**WORK INSTRUCTIONS**
Give back every record below precisely as written.

--- SUPPLIED MATERIAL Enclosed Below ---

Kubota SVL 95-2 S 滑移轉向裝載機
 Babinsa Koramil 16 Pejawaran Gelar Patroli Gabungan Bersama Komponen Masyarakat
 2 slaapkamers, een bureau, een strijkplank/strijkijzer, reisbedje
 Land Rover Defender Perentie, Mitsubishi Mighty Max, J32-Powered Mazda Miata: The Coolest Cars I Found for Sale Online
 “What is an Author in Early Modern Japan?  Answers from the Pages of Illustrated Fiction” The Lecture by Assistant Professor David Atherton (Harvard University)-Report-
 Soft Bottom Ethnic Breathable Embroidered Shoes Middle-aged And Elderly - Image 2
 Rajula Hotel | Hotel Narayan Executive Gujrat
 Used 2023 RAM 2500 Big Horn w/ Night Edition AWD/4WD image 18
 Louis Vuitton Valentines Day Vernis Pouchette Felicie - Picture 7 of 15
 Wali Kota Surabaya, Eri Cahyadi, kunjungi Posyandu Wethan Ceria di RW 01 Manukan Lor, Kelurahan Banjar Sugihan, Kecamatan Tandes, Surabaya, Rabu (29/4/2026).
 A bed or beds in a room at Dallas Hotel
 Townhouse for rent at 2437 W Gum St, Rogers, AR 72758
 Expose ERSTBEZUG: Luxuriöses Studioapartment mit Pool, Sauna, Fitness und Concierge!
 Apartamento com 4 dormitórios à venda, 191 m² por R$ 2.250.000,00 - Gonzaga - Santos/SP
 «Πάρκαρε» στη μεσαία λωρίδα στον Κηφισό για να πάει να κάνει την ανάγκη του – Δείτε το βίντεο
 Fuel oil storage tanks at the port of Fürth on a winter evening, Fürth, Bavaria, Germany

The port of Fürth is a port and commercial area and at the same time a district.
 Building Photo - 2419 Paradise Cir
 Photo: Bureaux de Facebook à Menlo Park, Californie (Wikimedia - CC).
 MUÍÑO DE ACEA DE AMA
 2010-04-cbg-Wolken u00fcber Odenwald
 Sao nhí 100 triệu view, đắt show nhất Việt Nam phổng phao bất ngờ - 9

--- End of Enclosed SUPPLIED MATERIAL ---

**ANSWER TO THIS EXERCISE**
Kubota SVL 95-2 S 滑移轉向裝載機
 Babinsa Koramil 16 Pejawaran Gelar Patroli Gabungan Bersama Komponen Masyarakat
 2 slaapkamers, een bureau, een strijkplank/strijkijzer, reisbedje
 Land Rover Defender Perentie, Mitsubishi Mighty Max, J32-Powered Mazda Miata: The Coolest Cars I Found for Sale Online
 “What is an Author in Early Modern Japan?  Answers from the Pages of Illustrated Fiction” The Lecture by Assistant Professor David Atherton (Harvard University)-Report-
 Soft Bottom Ethnic Breathable Embroidered Shoes Middle-aged And Elderly - Image 2
 Rajula Hotel | Hotel Narayan Executive Gujrat
 Used 2023 RAM 2500 Big Horn w/ Night Edition AWD/4WD image 18
 Louis Vuitton Valentines Day Vernis Pouchette Felicie - Picture 7 of 15
 Wali Kota Surabaya, Eri Cahyadi, kunjungi Posyandu Wethan Ceria di RW 01 Manukan Lor, Kelurahan Banjar Sugihan, Kecamatan Tandes, Surabaya, Rabu (29/4/2026).
 A bed or beds in a room at Dallas Hotel
 Townhouse for rent at 2437 W Gum St, Rogers, AR 72758
 Expose ERSTBEZUG: Luxuriöses Studioapartment mit Pool, Sauna, Fitness und Concierge!
 Apartamento com 4 dormitórios à venda, 191 m² por R$ 2.250.000,00 - Gonzaga - Santos/SP
 «Πάρκαρε» στη μεσαία λωρίδα στον Κηφισό για να πάει να κάνει την ανάγκη του – Δείτε το βίντεο
 Fuel oil storage tanks at the port of Fürth on a winter evening, Fürth, Bavaria, Germany

The port of Fürth is a port and commercial area and at the same time a district.
 Building Photo - 2419 Paradise Cir
 Photo: Bureaux de Facebook à Menlo Park, Californie (Wikimedia - CC).
 MUÍÑO DE ACEA DE AMA
 2010-04-cbg-Wolken u00fcber Odenwald
 Sao nhí 100 triệu view, đắt show nhất Việt Nam phổng phao bất ngờ - 9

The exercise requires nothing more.